**Brief**. Restate word for word the line containing "Oasis in 1996" and all remaining lines of the entries below.

**Records for this task**.
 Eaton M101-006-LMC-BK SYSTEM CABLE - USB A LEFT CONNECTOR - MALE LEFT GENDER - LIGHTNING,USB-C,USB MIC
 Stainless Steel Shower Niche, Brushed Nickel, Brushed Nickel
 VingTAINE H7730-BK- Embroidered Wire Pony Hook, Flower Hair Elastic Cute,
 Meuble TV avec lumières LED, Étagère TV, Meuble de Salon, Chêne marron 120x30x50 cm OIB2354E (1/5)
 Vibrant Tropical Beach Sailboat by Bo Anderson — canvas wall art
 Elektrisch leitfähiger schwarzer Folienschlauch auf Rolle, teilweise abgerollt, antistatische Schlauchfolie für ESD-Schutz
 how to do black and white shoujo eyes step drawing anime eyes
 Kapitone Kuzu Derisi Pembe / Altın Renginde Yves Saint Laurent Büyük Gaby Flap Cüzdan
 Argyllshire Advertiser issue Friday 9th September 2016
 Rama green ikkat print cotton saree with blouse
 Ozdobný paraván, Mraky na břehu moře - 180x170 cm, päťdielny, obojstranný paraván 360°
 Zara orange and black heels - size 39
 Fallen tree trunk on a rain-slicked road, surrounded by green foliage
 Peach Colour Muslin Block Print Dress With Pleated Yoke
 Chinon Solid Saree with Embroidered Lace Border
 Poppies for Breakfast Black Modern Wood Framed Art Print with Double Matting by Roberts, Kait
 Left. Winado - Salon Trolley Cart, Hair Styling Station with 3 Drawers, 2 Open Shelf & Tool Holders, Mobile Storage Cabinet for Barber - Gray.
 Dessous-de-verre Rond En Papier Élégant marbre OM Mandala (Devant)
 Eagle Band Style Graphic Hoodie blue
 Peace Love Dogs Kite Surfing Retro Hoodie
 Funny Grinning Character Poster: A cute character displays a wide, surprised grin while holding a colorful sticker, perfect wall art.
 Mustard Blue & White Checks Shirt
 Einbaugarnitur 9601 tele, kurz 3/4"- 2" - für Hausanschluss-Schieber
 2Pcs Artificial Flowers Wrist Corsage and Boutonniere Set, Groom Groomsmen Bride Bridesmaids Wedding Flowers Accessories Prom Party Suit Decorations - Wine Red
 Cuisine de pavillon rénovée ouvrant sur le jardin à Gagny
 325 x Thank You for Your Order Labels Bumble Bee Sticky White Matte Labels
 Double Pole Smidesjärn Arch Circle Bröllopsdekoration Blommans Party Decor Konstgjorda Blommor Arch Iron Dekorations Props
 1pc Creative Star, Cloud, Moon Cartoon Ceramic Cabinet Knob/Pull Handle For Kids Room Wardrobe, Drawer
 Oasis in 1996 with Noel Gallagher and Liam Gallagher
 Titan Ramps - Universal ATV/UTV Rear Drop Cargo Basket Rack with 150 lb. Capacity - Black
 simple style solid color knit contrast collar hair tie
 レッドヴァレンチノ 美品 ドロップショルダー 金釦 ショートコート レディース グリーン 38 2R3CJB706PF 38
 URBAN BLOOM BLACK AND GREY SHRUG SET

**Finished task**.
 Oasis in 1996 with Noel Gallagher and Liam Gallagher
 Titan Ramps - Universal ATV/UTV Rear Drop Cargo Basket Rack with 150 lb. Capacity - Black
 simple style solid color knit contrast collar hair tie
 レッドヴァレンチノ 美品 ドロップショルダー 金釦 ショートコート レディース グリーン 38 2R3CJB706PF 38
 URBAN BLOOM BLACK AND GREY SHRUG SET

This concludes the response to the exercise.